漢方と食の切っても切れない関係とは?

漢方と聞けば、どの方もすぐに思いつくのが漢方薬でしょう。でも漢方薬を処方されたこともないのに、意外とこれを知っている人が多いのは不思議ですよね。これは売薬にも漢方処方を取り入れたものが多いせいかもしれません。探してみれば、売薬の中には漢方の薬効成分が含まれるものが実にたくさんあります。昔からおなじみの胃腸薬や風邪薬、沐浴剤や化粧品にまで見つけることができますから、その点では漢方薬は私たちの生活の中に深く浸透していると言えるようです。

このように長く利用されている売薬の中に漢方処方のものが少なくないことからも、私たちの漢方医学への信頼度は非常に高いと考えられます。しかし中国医学というのは、その治療をひたすら漢方薬だけに頼るというものではありません。薬はその一部分であって、漢方独特の身体全体のバランスを整えるという考え方を実践しようとすれば、食生活や運動なども含め、治療を日頃の生活と切り離すことは不可能だと言えます。

もともと漢方薬も、薬草を干して刻んで煮出した上で飲む訳ですから、食べ物のひとつとして捉えても決して間違いではありませんよね。漢方では医食同源という言葉があるように、口から入るものは漢方薬であれ食品であれ全て薬になるという考え方をします。つまり毎日何気なく買ったり食べたりしている食べ物は、全て薬として身体の中で様々な作用をする訳です。

ただ西洋医学の薬品のように、純粋成分の薬剤として取り入れる訳ではありませんから、食べ物として摂取すればその利き方はよりマイルドですし、よほど大量に食べない限りは副作用が出るということもありません。また漢方ではその素材全体を丸ごと食べるという考え方がありますが、これもその利き方のマイルドさに一役買っています。例えば食材の一部分が、別の部分の薬効を穏やかにしたり、副作用を抑える働きをするといった可能性があります。

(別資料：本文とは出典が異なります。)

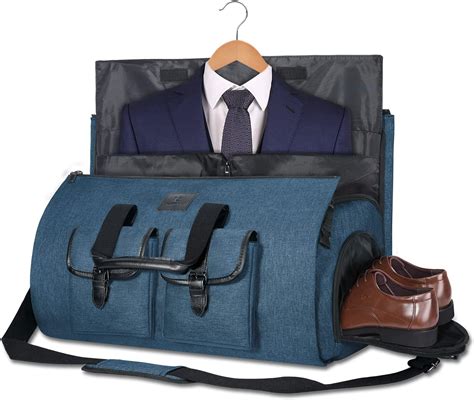 UNIQUEBELLA Travel Suit Carrier Garment Duffel Bag Fiber Large Holdall ...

このように、身体や食材を全て複合的に・あるいは立体的に捉えるのが漢方医学の大きな特徴だと言えるでしょう。西洋医学の単純明快さに慣れた目線では、何だか複雑怪奇にすら見えるのですが、そもそも自然な身体とは決して簡単に割り切れるようなものではありません。毎日の食事をしながら、食べ物の成分の不可思議さ、それを食べた後の身体作用の複雑さに思いを馳せるのは、健康になるというだけでなく、人生を豊かにするためにも意味があるかもしれませんね。